A dispetto dell’immagine in copertina, una cartolina di auguri natalizi tedesca del XIX secolo – mi informa l’editore – che richiama tenerezza, gioia e innocenza, Aspettando il Natale dà un’immagine di questa festività tutt’altro che idilliaca. Anzi, molti racconti mostrano come lo spirito natalizio metta in luce rimpianti, solitudini, dolori: se siete sovraccaricu di buoni sentimenti e luci sfavillanti, questa raccolta fa per voi.

Non ho trovato nemmeno dei riferimenti invasivi alla religione, il che mi ha fatto pensare al fatto che è molto tempo che questa festa si va laicizzando, con buona pace deu cattolicu che si disperano nel vedere festeggiare il Natale anche fuori dalle chiese.
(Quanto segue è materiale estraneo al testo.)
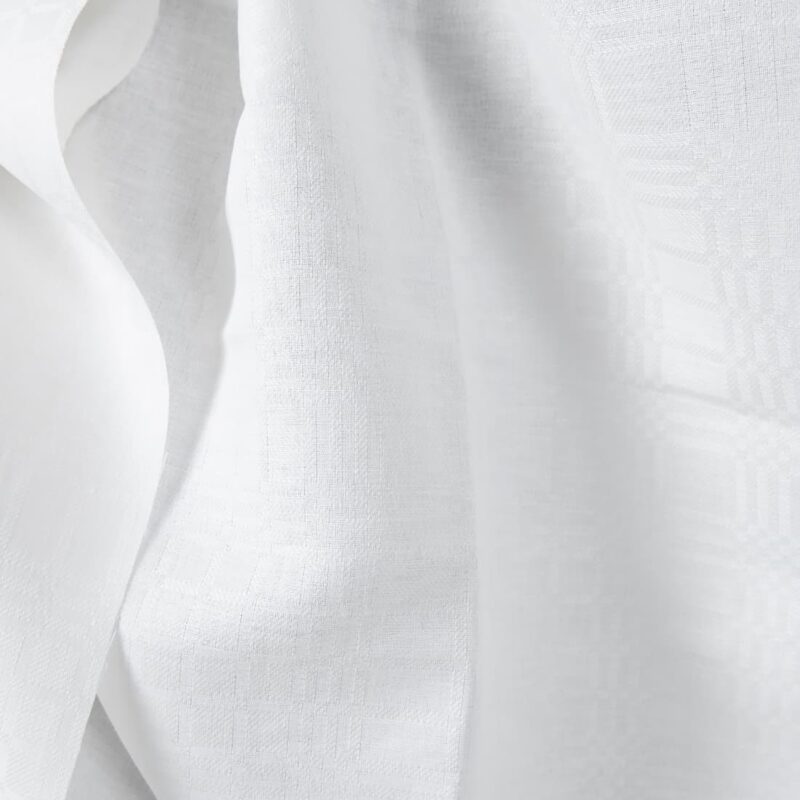 Linen cotton fabric bright white checks pattern 150cm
Ho apprezzato molto, invece, i numerosi riferimenti alla povertà, che mi sembra sia andata scomparendo nel modo in cui viviamo e pensiamo la festa del Natale. Ultimamente vedo spopolare commedie romantiche, sia in film/serie tv sia in libri, ma sarebbe bello continuare a dare spazio chi non ne ha mai abbastanza (e con questa mania del decoro ne ha sempre meno).